Allowances for Doubtful Accounts
We make judgments as to our ability to collect outstanding receivables and provide allowances for the portion of receivables when collection becomes
doubtful. Provisions are made based upon a specific review of all significant outstanding invoices. For those invoices not specifically provided for, provisions are
recorded at differing rates, based upon the age of the receivable. In determining these percentages, we analyze our historical collection experience and current
payment trends. If the historical data we use to calculate the allowance for doubtful accounts does not reflect the future ability to collect outstanding receivables,
additional provisions for doubtful accounts may be needed and the future results of operations could be materially affected.

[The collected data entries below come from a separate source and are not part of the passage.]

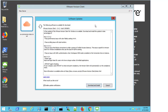When an update is available, it'll display here, and we can actually see that there is a later version of the Horizon Client available. Version 5.4.2 is currently available. It's a free download for the Windows Client, and it also lists out the advantages and new features.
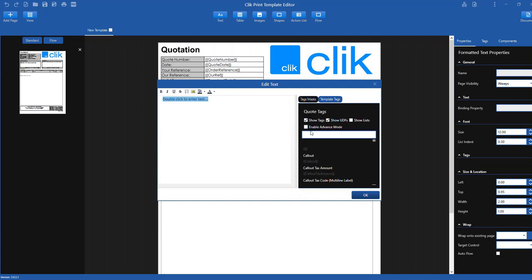Now we have to choose the tag of where we want the text and format to come from on the quote. So in this example, we want it to come from the Notes tab, therefore the tag is Notes formatted.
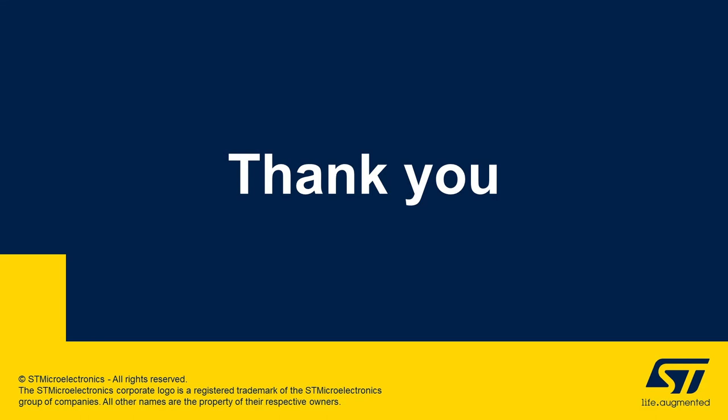That marks the end of Part 3 of Secure Firmware Install Video Series. We hope by this point, it is clear how to use SFI solution on STM32U5 Discovery Board.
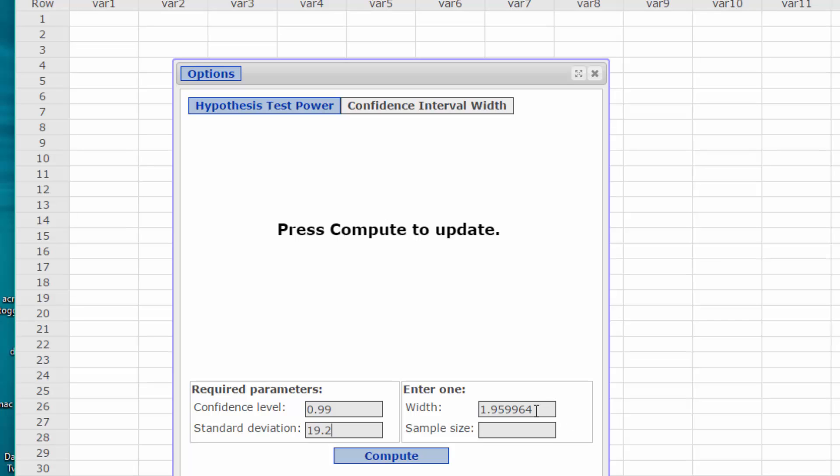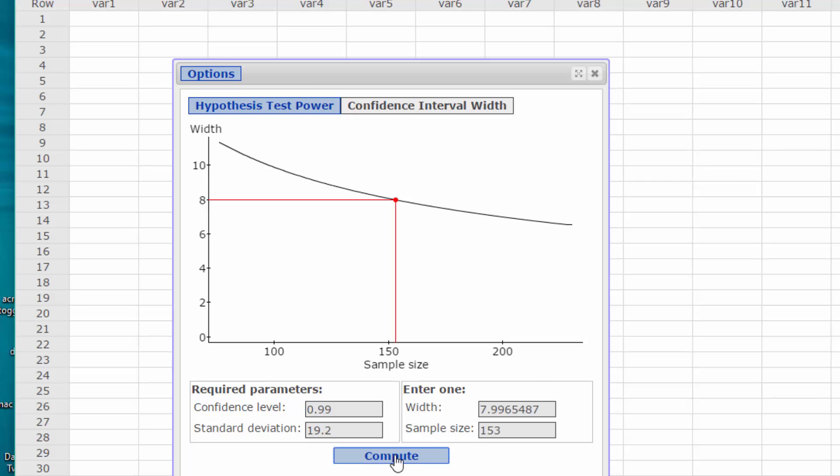Our width is twice the margin of error, which was four, so it gives us a width of eight. We click on compute and we get a sample size of 153.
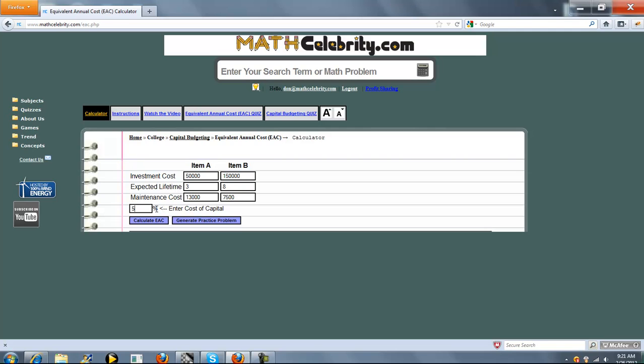You don't need a percent sign, so this represents 5%. When you're ready you press Calculate EAC.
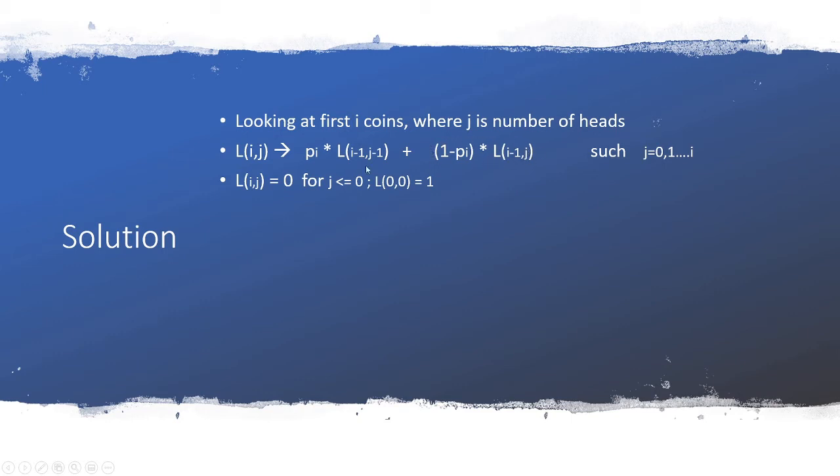If you did not consume that head, you got a tails, then you still have j heads but i minus one coins. So this total probability is pi * L(i-1, j-1) which is the case when you got a heads, and (1-pi) * L(i-1, j) where you got the tails.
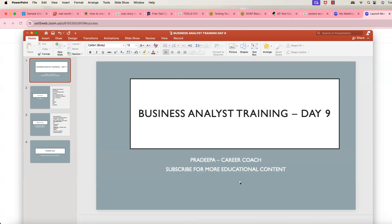Hi Pradipa. So before starting, I want to know the difference between technical business analyst and functional business analyst — what difference in real job scenario will be? I mean to say, I want to make sure what responsibilities will be there for a technical business analyst, like where he'll not be involved in domain perspective or how it will be?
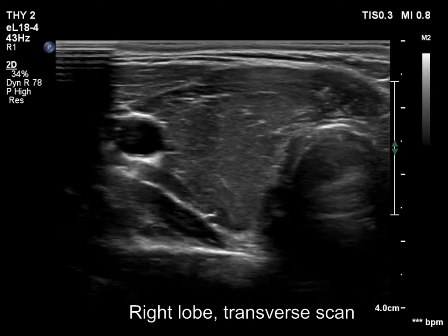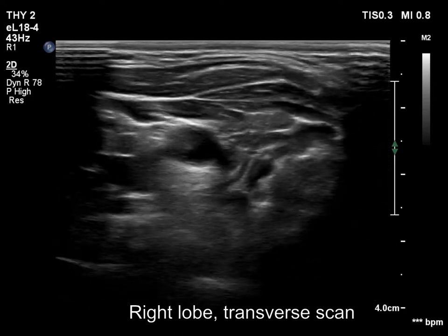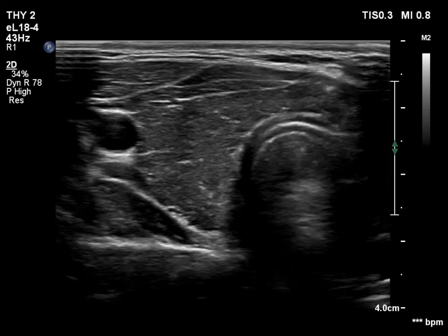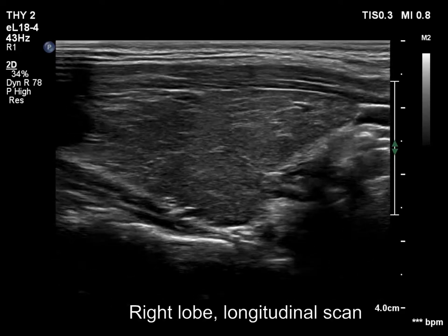The right lobe is moderately or deeply hypoechoic and presents fibrotic changes, both echogenic lines and granules.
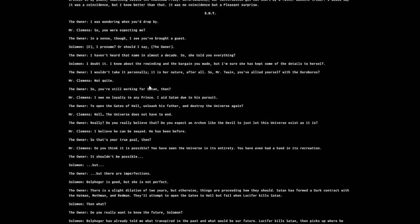'So you're still working for Satan then?' 'I owe no loyalty to any prince. I aid Satan due to his pursuit to open the gates of hell, unleash his father and destroy the universe again.' 'Do you really believe that? Do you expect an archon like the Devil to just let this universe exist as it is?' 'There are imperfections. Belfico is good but she is not perfect.'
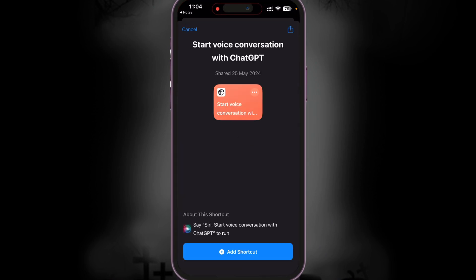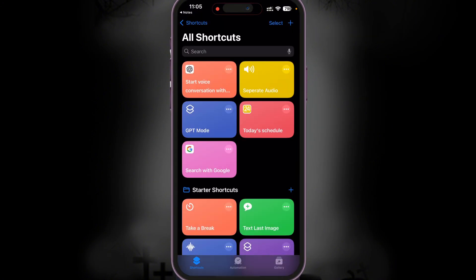All you need to do is just click on this link. It's going to take you to a web page and it's going to ask you to add it as a shortcut. It might take you to your Safari browser — that's totally fine. Just go to Safari browser and you would get the same option: Add Shortcut. Tap Add Shortcut and you guys would see it will add it as a shortcut in your Shortcuts app. You can see it's currently showing at the top here where it says Start Voice Conversation with ChatGPT. This is the shortcut that we've added.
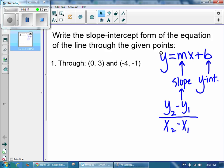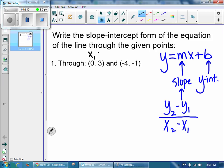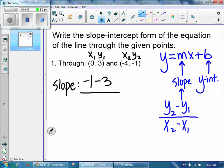If you take a look at your points, 0, 3 — you have an x and a y value in each point. So why don't we just name the first point x1 and y1, and the second point x2 and y2, just because it's the second one that we see. Go ahead and substitute these numbers into your slope formula.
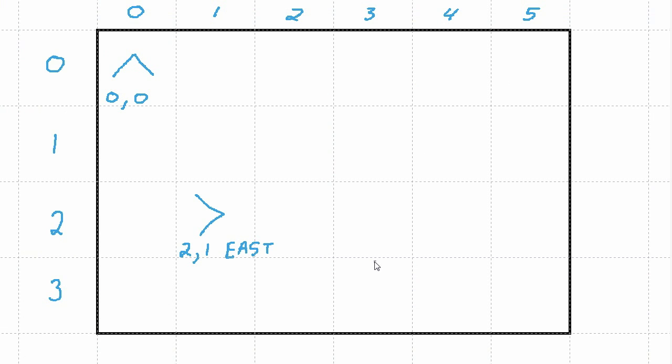Once you're done playing around with the mouse's position and heading, go ahead and set it equal to the initial position and heading that we've been accustomed to. In the lower left corner, pointed north.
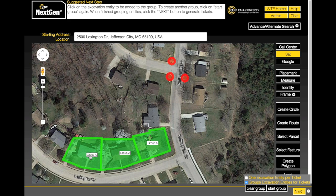If you would like to group a second set of entities together, click the 'Start Group' button a second time. The second set of entities will be labeled Group B.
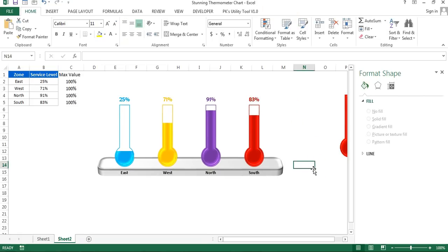Select the chart and the shape together, right-click, and group them — now they are one chart. So friends, that is how you can create this stunning thermometer chart in Microsoft Excel. I hope you have enjoyed this video. Thank you so much for watching.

Accounting for Income Taxes
We are required to estimate our income taxes in each of the tax jurisdictions in which we operate. This process involves management's estimation of our
actual current tax exposures together with an assessment of temporary differences determined based on the difference between the financial statement and tax
basis of certain items. These differences result in net deferred tax assets and liabilities, which are included within the consolidated balance sheet. We must then
assess the likelihood that the deferred tax assets will be recovered from future taxable income and to the extent we believe that recovery is not likely, we must
establish a valuation allowance. To the extent we establish a valuation allowance or adjust this allowance in a period, we must include a tax expense or benefit
within the tax provision in the statements of operations.